First, administratively disabling the interface and then enabling it:

>ping -t 8.8.8.8

Pinging 8.8.8.8 with 32 bytes of data:
Reply from 8.8.8.8: bytes=32 time=12ms TTL=112
Reply from 8.8.8.8: bytes=32 time=12ms TTL=112
No resources.
PING: transmit failed. General failure.
PING: transmit failed.

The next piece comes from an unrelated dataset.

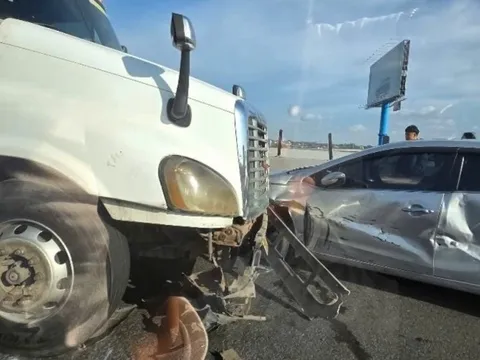 Hiện trường 3 xe ô tô tông liên hoàn trên cao tốc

General failure.
Reply from 8.8.8.8: bytes=32 time=11ms TTL=112
Reply from 8.8.8.8: bytes=32 time=11ms TTL=112

Physically unplugging the connection and then plugging it back in:

>ping -t 8.8.8.8

Pinging 8.8.8.8 with 32 bytes of data:
Reply from 8.8.8.8: bytes=32 time=12ms TTL=112
Reply from 8.8.8.8: bytes=32 time=12ms TTL=112
Request timed out.
General failure.
General failure.
Request timed out.
Reply from 8.8.8.8: bytes=32 time=11ms TTL=112
Reply from 8.8.8.8: bytes=32 time=11ms TTL=112

My specific question is, can I perform some action in Windows which will have the same effect as physically unplugging the connection (preferably through the command line). Second, I would actually like to know what the difference is here, in terms of the Windows network stack implementation.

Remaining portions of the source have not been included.